The parties led evidence in support of their cases and also raised arguments in terms of pleadings noted in earlier part of this order, which were heard, in detail.
Before going into merits of the case, we would like to decide preliminary objection taken by opposite parties no.1 and 2, qua lack of territorial jurisdiction of this Commission to entertain and decide this complaint. It is contended by Counsel for opposite parties no.1 and 2 that Buyer’s Agreement was signed at New Delhi; demands in respect of making payment towards price of the unit, were also raised by Gurgaon office of the opposite parties, no cause of action has accrued to the complainants within the territory of this Commission, as such, it is not open to this Commission, to adjudicate the claim raised by the complainants.

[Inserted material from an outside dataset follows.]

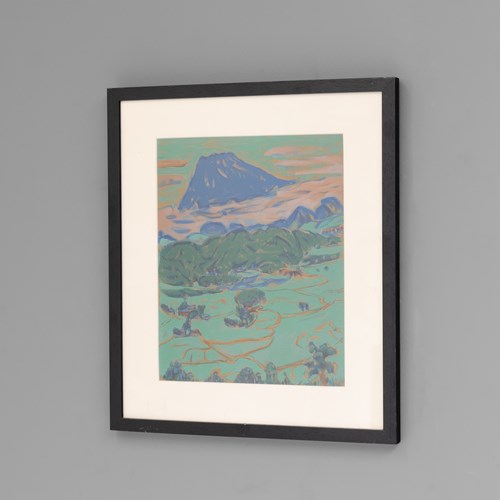 Pastel Landscape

We are not going to agree with the contention raised. Such an issue was raised earlier also by the opposite parties no.1 and 2, in large number of cases filed against them, before this Commission and in case of Mr.Om Parkash Dua and ors. Vs. Unitech Limited and another, consumer complaint bearing no.205 of 2016, decided on 22.08.2016, the said issue was decided as under:-
“Contention of Counsel for opposite party no.1 that this Commission has got no territorial Jurisdiction, to entertain and decide the complaint deserves to be rejected. According to Section 17 of the Act, a consumer complaint could be filed by the complainants, before the State Consumer Disputes Redressal Commission, within the territorial Jurisdiction whereof, a part of cause of action arose to the complainants. It is apparent on record that the Marketing Office of opposite party no.1 is situated at SCO No.189-90-91, Sector 17-C, Chandigarh. In the Buyer’s Agreement dated 28.10.2009, description of opposite party no.1 is given as under:-
“UNITECH LIMITED, a Public Limited Company duly incorporated under the Companies Act 1956, having its Marketing Office at SCO 189-90-91, Sector 17-C, Chandigarh and its Registered Office at 6, Community Centre, Saket, New Delhi 110017 (hereinafter referred to as Unitech/Confirming Party) which expression shall, unless it be repugnant to the context or meaning thereof, be deemed to include its executors, administrators, successors and assigns) acting through its authorized signatory”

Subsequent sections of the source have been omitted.